## Material provided:
***

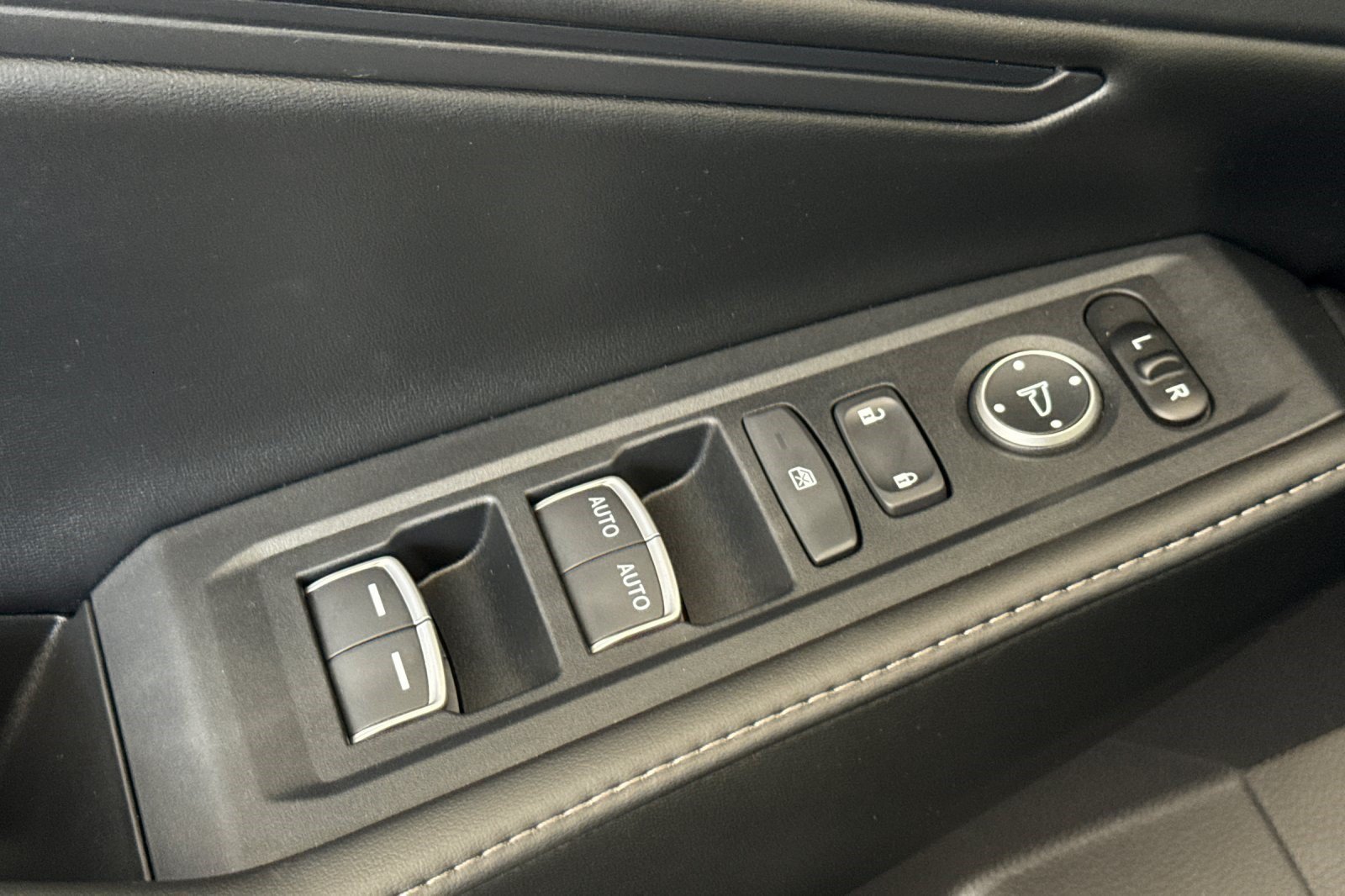 Used 2024 Honda Accord Sport image 13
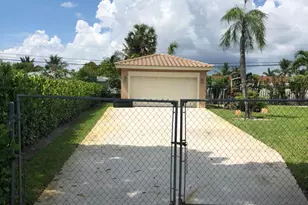 1462 40th St, West Palm Beach, FL 33407 - Photo 2
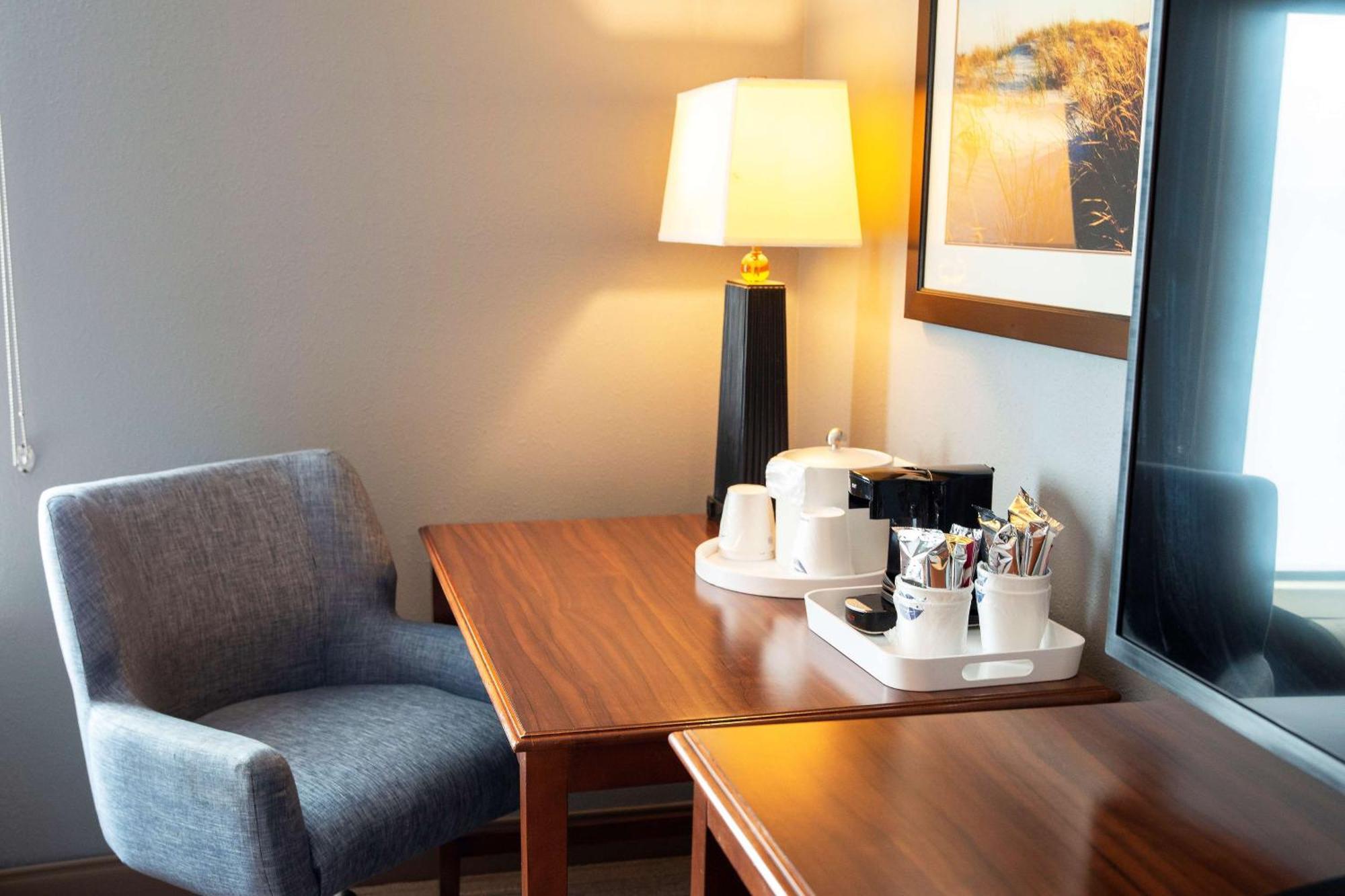 Hampton Inn & Suites Джексонвилл Экстерьер фото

***

## Problem requirements:
None of the pictures belong in the copy. Write out exactly the lines from the line that holds "1462 40th St, West" through the last line of the listing above, both ends included.

## Solution to this task:
 1462 40th St, West Palm Beach, FL 33407 - Photo 2
 Hampton Inn & Suites Джексонвилл Экстерьер фото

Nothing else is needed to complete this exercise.